Ces différentes interrogations sont évidemment au coeur de ce premier tome très efficace dans sa mise en place, tant KENT sait installer tout ce qu'il faut pour nous intriguer. Ainsi, les premiers développements se font assez vite, notamment via la découverte un peu décalée de ce que Miyako pourrait bien représenter pour Gaea-Tima, à travers les premiers tourments de la jeune fille (elle se retrouve au coeur d'une affaire qui la dépasse et doit déjà encaisser d'invraisemblables vérités, elle qui pense surtout à ne plus inquiéter sa mère) ainsi que l'entrée en scène limpide de premiers personnages secondaires prometteurs, à l'image de Tatsukuni et de ses deux acolytes au caractère bien marqué
Bien que le tome laisse pour l'instant présager d'une suite à la formule assez classique, où les combats à grande échelle entre kaiju devraient facilement trouver leur place, on a donc tout ce qu'il faut pour se laisser happer... et même encore un peu plus. Car en plus de distiller quelques notes comiques décalées via la nature du lien qui s'installe entre l'héroïne et son "monstre géant de poche", KENT, après avoir rendu honneur à la science-fiction dans Colorless, affirme cette fois-ci rapidement sa volonté d'offrir un véritable hommage aux oeuvres de kaiju qui semblent avoir bercé son enfance. Cela se ressent particulièrement sur le plan graphique où l'auteur, tout comme il l'avait fait dans Colorless via ses notes de couleurs dans les planches, montre ici une très sympathique originalité visuelle à travers les designs de Gaea-Tima et de ses autres monstres, pour lesquels il prend appui sur les séries de kaiju d'autrefois, quand les costumes de monstres étaient encore portés par des acteurs. Ainsi, les kaiju géants de KENT ont un côté un peu humain derrière leur allure monstrueuse, que ce soit dans leur allure sur leurs deux pattes arrières, dans certains regards, et surtout dans les plis de leur peau qui font très "costume". A part ça, sur le plan graphique, le mangaka livre des designs humains à la fois simples et expressifs où chaque personnage est bien reconnaissable, des premières séquences d'action classiques et brèves mais vives et intenses (ce qui, naturellement, promet pour la suite), et une utilisation régulièrement excellente des onomatopées pour renforcer l'ampleur et le parfum de menace véhiculés par les créatures.
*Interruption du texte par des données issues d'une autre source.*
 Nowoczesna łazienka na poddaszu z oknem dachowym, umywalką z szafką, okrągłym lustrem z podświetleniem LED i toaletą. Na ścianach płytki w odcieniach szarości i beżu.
Hommage aux monstres géants à l'ancienne, mais distillant également ses petites originalités pour nous intriguer comme il se doit, ce premier volume pose Great Kaiju Gaea-Tima comme un divertissement prometteur, dont on attendra de voir les développements sur la longueur, en espérant que l'oeuvre confirmera son unicité.
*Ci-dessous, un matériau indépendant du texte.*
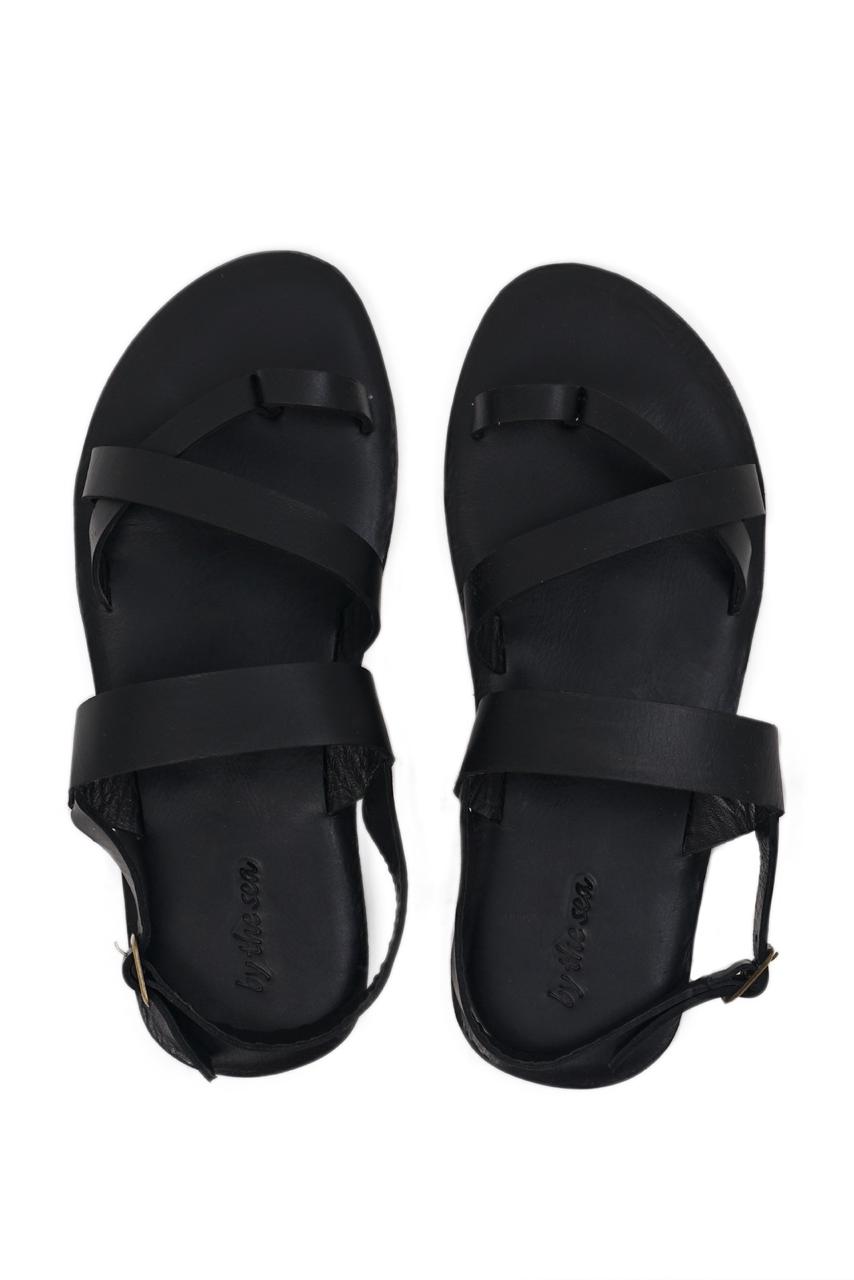 Arus sandal shown in a global view highlighting its full silhouette and refined resort-ready design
En fin, côté édition, Ki-oon livre une copie soignée: la jaquette reste proche de l'originale japonaise jusque dans la typo du logo-titre, le papier allie souplesse et épaisseur malgré une légère transparence par moments (rien d'embêtant), l'impression est satisfaisante, la traduction de David le Quéré est très claire, et l'adaptation graphique de Florian Monnier est propre.